# B Einstein Train experiment with a consequence?

1. Mar 11, 2016

### Marrrtin

If we take a look at the experiment were two observers A (inside a train) and B on the platform observering the train as it pass by. Person A will stand in the exact middle of the train and send out a light wave. Person A will observe the light to hit the wall at the same time, while person two will see the light hit the back of the train before the front.
So Einstein says that simultainity is relative, and that what is right depends on the reference frame(whether the light hits the back before the front (B) or back and front at the same time (A).

However, what if the front and the back of the train had a censor that need to be hit by the light at the same time or else a gun would fire a shot and kill observer A. Observer A would think he is safe because he observes the light hit the the front and back at the same time, but not observer B who will see the light hit the back of the train first.
So what will happend? If (accordingly to Einstein) both observers are right in what they are observering, will the person be shot or not? :S
I know there is something I have missunderstood somewhere, but I dont now what that is, and I have tried to figure it out for a while now so Im greatfull for some help!

2. Mar 11, 2016

### Staff: Mentor

Basically it is not possible to build such a sensor. All frames will agree if the gun fires, so in one frame the sensor will detect simultaneous hits, but in other frames the device will detect hits that are desynchronized by a specific amount.

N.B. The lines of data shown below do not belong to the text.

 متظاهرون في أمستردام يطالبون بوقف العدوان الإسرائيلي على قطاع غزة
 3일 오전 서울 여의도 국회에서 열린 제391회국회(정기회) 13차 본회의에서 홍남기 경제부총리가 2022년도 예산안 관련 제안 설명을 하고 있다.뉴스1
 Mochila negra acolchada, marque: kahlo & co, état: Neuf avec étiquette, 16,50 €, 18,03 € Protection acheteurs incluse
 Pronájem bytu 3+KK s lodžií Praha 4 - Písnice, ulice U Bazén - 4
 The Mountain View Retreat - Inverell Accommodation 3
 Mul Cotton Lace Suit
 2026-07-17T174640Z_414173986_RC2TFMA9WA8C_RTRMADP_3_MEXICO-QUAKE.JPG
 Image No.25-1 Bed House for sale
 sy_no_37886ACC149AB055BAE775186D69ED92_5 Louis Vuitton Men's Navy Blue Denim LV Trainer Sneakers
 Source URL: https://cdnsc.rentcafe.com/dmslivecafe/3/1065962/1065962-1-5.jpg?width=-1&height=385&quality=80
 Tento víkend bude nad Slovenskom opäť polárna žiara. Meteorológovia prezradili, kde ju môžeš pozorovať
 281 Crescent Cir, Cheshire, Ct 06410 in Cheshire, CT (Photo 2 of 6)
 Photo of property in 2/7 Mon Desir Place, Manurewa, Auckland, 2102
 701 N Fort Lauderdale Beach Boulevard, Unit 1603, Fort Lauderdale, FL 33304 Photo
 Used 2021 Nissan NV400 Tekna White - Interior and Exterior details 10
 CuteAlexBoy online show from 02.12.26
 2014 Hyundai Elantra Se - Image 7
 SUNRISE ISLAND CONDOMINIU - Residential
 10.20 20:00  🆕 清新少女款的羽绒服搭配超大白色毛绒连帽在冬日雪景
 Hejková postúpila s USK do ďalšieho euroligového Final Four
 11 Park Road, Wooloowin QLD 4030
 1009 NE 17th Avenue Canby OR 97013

It might help to think of a specific sensor design and we can help you understand how it would work.

3. Mar 11, 2016

### Marrrtin

I cant think of any spesific sensor, but I can make the question a little different:
Suppose their is two guys on the train (lets call them A and B). One in the front and one in the back. In the middle of the train there is a light buble. When this is switch on the light will travel in both directions on the train. As soon the light reaches one of the persons he will fire a gun towards the middle of the train. Suppose both A and B will fire in the exact same height and width so that the bullets will hit one another. When the two bullets hit will fall on the train floor at the same place they hit each other. Person A and B on the train will claim that they will see the light at the same time, and therefore fire the gun at the same time, and therefore will the two bullets hit one another and fall to the floor at the exact middle of the train.
However a third person C, outside the train will claim the person A (in the back of the train) see the light first and therfore fire his gun before person B. Then the bullet from person A will travel a farther distance before hitting the bullet from person B, and therefore the two bullets will hit each other closer to the front of the train and land on the floor closer to the front.
If both reference frames (C ouside the train or A/B on the train) are right were will we find the bullets? In the middle of the train or closer to the front? As you can see there is something that I dont understand, I just dont know what it is :/

4. Mar 11, 2016

### Orodruin

Staff Emeritus

5. Mar 11, 2016

### Staff: Mentor

This part is correct.

Here you would need to use the relativistic velocity addition formula. If you work it out, person C will also predict that the bullets will meet in the center.

6. Mar 11, 2016

### Kevin McHugh

Are you related to Schroedinger? Your experimental design sounds a lot like the cat in the box.

7. Mar 11, 2016

### Marrrtin

Okei, thank you very much! However, I have some idea how reletavistic velocity works but I just cant see how that explaines my "problem". Could I get a short explanation please.
Best regards biologist trying to get a simple understanding of relativity and physics

8. Mar 11, 2016

### pixel

Such a sensor could be built in observer A's frame of reference. But it couldn't be built for both A's and B's frames, as simultaneity is relative. When the experiment is done both A and B will agree that no shot was fired. The thing to realize is that while B sees the light hitting the front and back of the train at different times, he can, using the Lorentz transformation, calculate that in A's frame of reference the events were simultaneous so no shot should have been fired.

9. Mar 11, 2016

### Orodruin

Staff Emeritus
There are several parts you need to take into account. The easiest case is when the bullets are massless and travel at the speed of light in all frames. You then do not need to care too much about relativistic velocity addition because you already know the bullet speed. What you do need to take into account is that the train is still moving. Therefore, you must check where the train center is in relation to the bullet meeting point based on this.

10. Mar 11, 2016

### FactChecker

No. C will say that A fired first and that bullet traveled farther. But the middle of the train will also travel forward to the point where the bullets collide.

11. Mar 11, 2016

### Staff: Mentor

You really have to work out the math on this one. The question of where the bullets meet depend on three things, the velocity of the bullets, their starting times, and their separation. The relativity of simultaneity requires that their starting times differ. Length contraction makes the separation shorter than in the train frame. And relativistic velocity addition makes their speeds different from what you expect in the train frame. All of these balance so that they meet in the middle.

12. Mar 12, 2016

### Marrrtin

Great! That helped alot! Thanks for sorting this out for me!! :)

This point was very clearifying! Thanks!